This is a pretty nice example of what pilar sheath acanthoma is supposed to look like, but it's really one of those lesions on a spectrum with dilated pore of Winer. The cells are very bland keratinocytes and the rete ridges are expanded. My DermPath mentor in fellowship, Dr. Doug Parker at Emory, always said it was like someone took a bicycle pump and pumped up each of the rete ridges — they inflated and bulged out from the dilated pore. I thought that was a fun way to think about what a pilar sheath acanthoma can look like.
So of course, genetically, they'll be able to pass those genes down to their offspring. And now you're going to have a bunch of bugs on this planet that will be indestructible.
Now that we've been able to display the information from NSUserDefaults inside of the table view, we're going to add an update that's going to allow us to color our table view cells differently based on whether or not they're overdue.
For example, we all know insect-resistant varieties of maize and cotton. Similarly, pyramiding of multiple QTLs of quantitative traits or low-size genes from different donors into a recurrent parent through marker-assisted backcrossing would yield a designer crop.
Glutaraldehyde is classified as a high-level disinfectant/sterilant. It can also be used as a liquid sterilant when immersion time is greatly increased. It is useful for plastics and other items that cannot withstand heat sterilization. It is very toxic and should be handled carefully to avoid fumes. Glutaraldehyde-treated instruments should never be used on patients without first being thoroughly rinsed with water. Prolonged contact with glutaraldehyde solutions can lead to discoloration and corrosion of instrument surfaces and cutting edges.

-=-=-=-=-

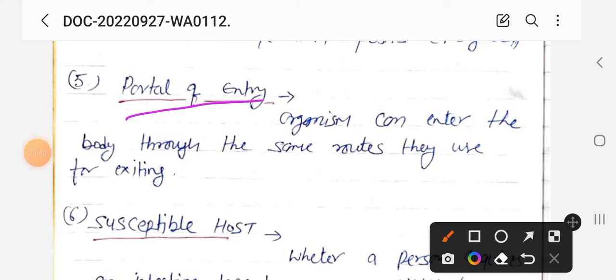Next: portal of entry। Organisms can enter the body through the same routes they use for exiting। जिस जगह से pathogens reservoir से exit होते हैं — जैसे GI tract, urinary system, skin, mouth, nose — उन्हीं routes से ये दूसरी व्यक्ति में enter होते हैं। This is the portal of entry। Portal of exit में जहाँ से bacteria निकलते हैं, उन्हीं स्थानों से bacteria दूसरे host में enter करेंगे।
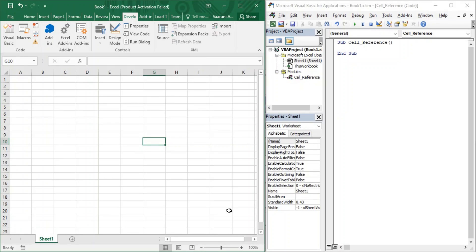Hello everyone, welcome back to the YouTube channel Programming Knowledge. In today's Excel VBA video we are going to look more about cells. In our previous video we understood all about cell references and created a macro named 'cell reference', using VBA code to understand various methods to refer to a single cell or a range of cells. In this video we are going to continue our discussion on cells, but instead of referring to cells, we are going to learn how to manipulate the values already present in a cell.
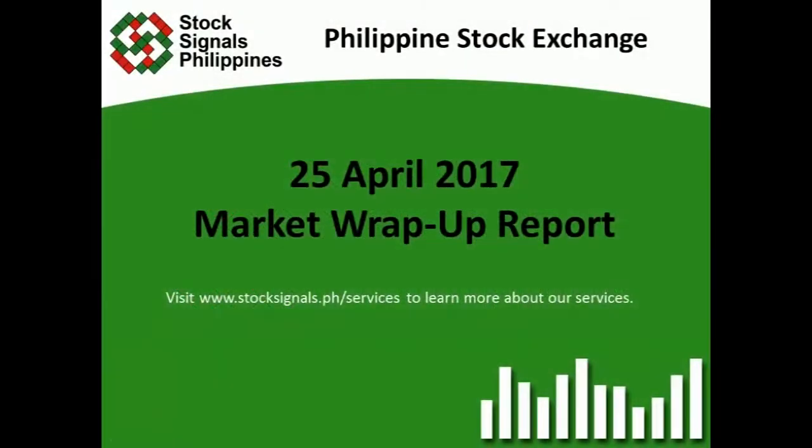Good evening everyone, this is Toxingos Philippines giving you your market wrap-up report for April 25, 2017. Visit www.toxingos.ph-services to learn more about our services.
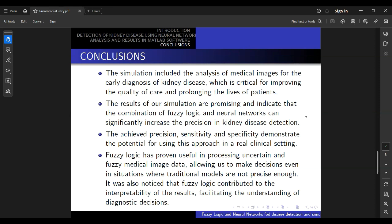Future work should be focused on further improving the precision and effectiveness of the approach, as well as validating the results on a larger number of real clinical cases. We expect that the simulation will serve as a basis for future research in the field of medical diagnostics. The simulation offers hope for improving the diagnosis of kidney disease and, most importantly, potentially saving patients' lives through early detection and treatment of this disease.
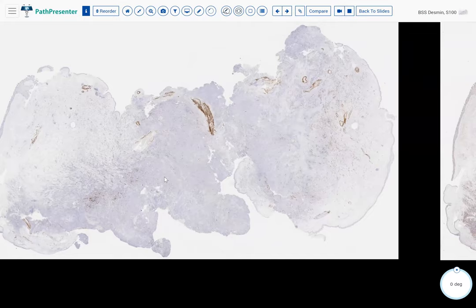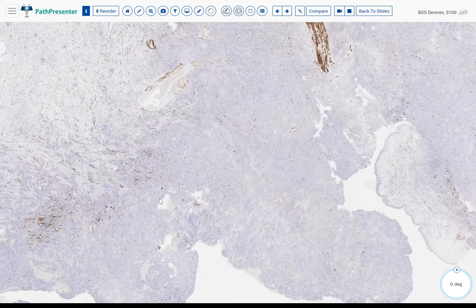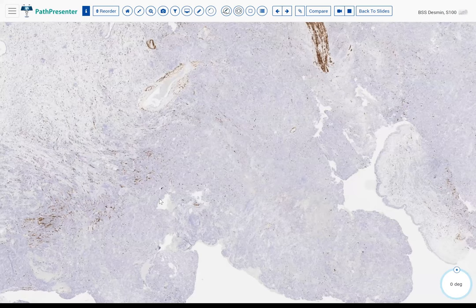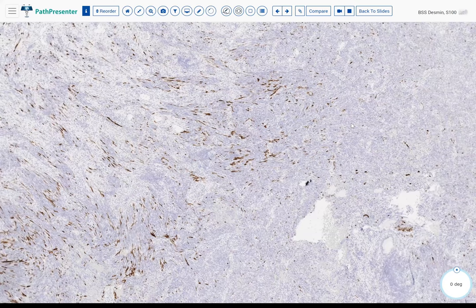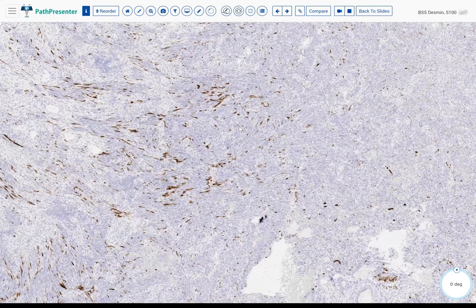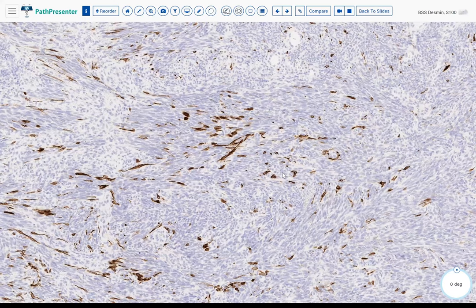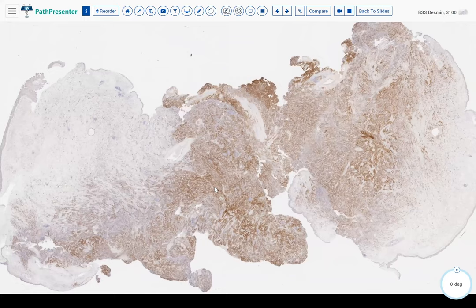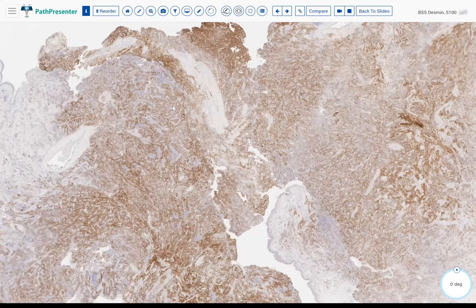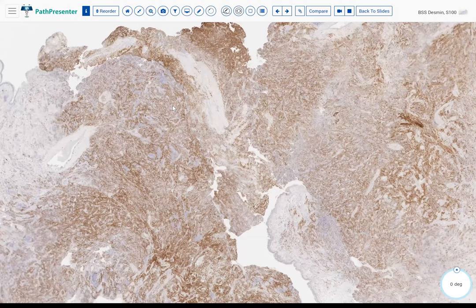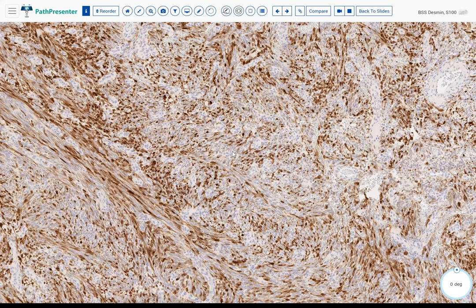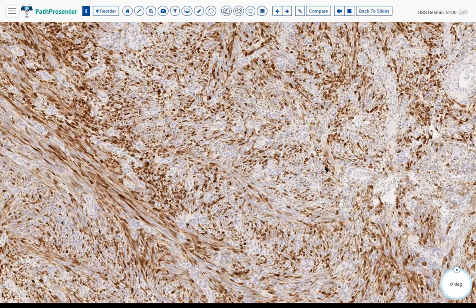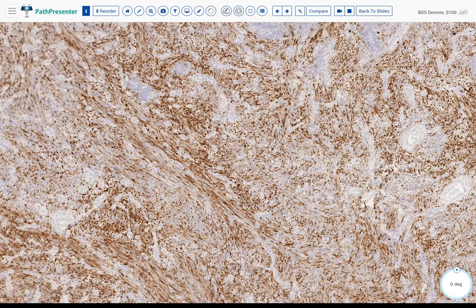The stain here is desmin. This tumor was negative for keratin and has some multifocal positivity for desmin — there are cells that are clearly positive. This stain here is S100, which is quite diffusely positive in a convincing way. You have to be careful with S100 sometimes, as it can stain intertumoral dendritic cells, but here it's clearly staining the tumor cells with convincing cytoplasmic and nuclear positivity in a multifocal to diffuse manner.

-=-=-=-=-

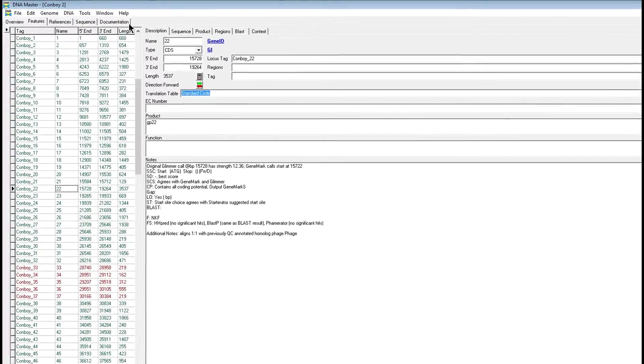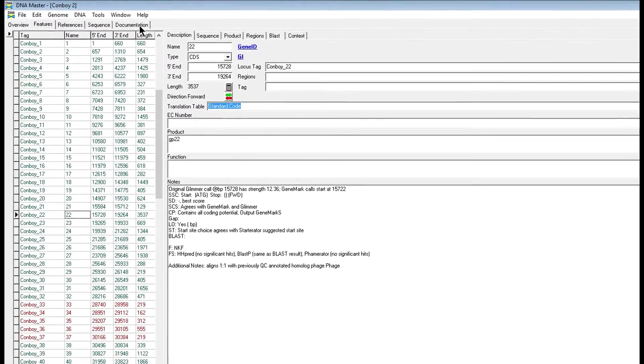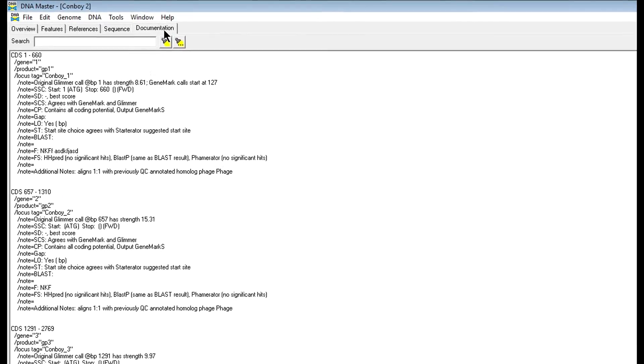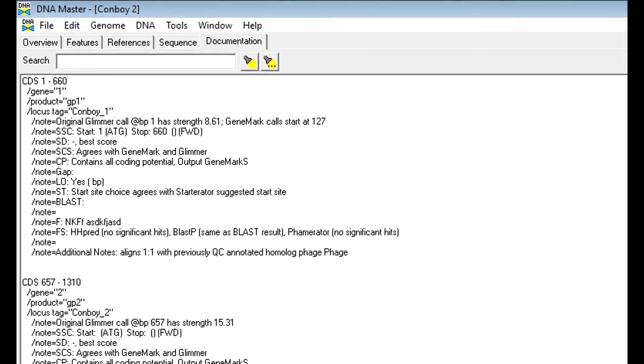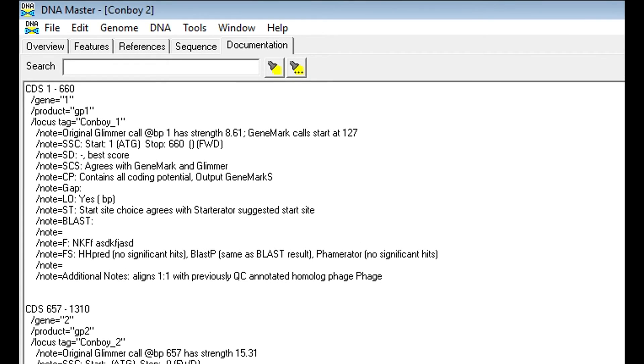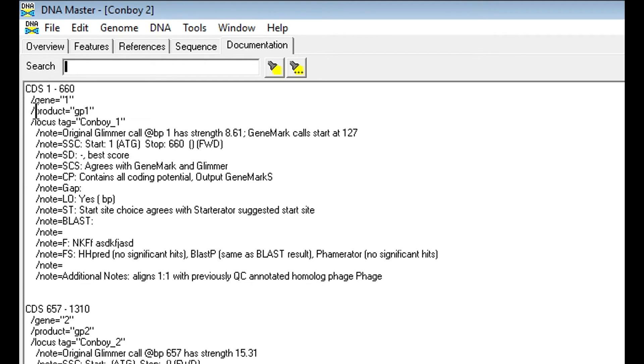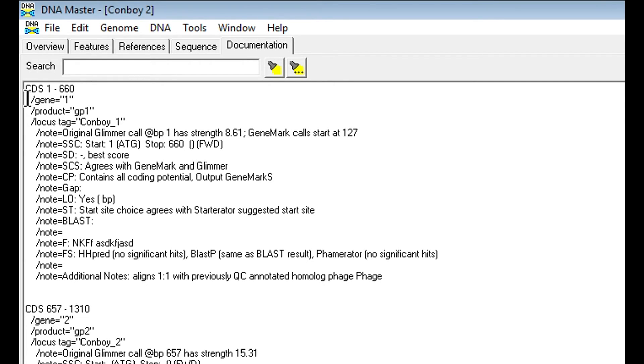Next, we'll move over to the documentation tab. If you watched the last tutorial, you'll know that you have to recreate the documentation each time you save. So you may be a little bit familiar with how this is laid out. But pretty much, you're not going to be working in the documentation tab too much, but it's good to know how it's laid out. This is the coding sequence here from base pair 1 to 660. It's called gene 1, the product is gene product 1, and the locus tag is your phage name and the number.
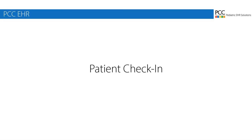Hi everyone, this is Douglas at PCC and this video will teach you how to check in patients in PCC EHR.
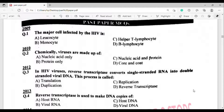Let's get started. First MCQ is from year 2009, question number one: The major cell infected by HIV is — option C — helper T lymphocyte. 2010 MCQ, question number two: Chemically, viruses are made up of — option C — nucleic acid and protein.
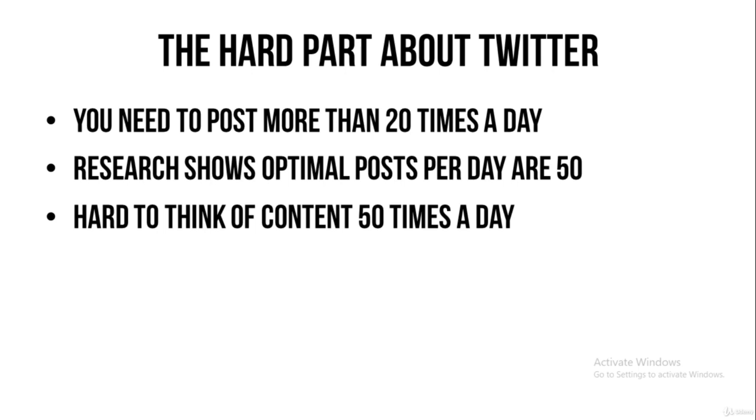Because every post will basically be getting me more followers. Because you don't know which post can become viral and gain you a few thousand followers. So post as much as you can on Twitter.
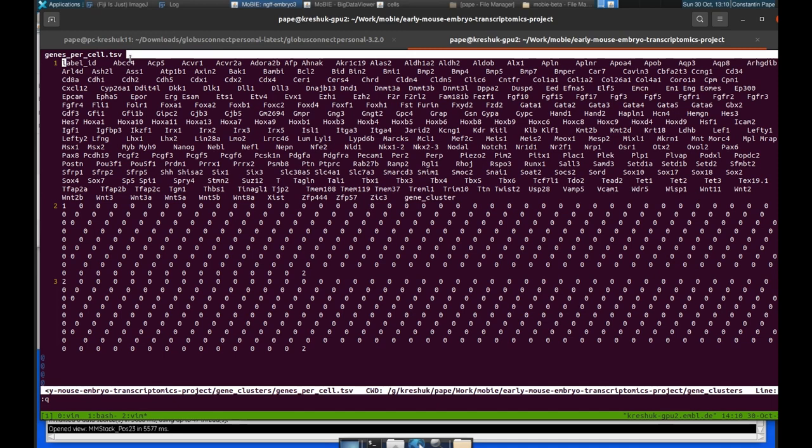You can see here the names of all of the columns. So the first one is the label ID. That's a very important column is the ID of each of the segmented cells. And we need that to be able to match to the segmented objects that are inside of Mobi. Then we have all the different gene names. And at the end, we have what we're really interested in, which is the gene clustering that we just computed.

-=-=-=-=-

Aim of the exercise: From the data above, output exactly the lines between the one containing "This is a pretty" and the one containing "Now that we've", counting both of them.

Reply:
This is a pretty nice example of what pilar sheath acanthoma is supposed to look like, but it's really one of those lesions on a spectrum with dilated pore of Winer. The cells are very bland keratinocytes and the rete ridges are expanded. My DermPath mentor in fellowship, Dr. Doug Parker at Emory, always said it was like someone took a bicycle pump and pumped up each of the rete ridges — they inflated and bulged out from the dilated pore. I thought that was a fun way to think about what a pilar sheath acanthoma can look like.
So of course, genetically, they'll be able to pass those genes down to their offspring. And now you're going to have a bunch of bugs on this planet that will be indestructible.
Now that we've been able to display the information from NSUserDefaults inside of the table view, we're going to add an update that's going to allow us to color our table view cells differently based on whether or not they're overdue.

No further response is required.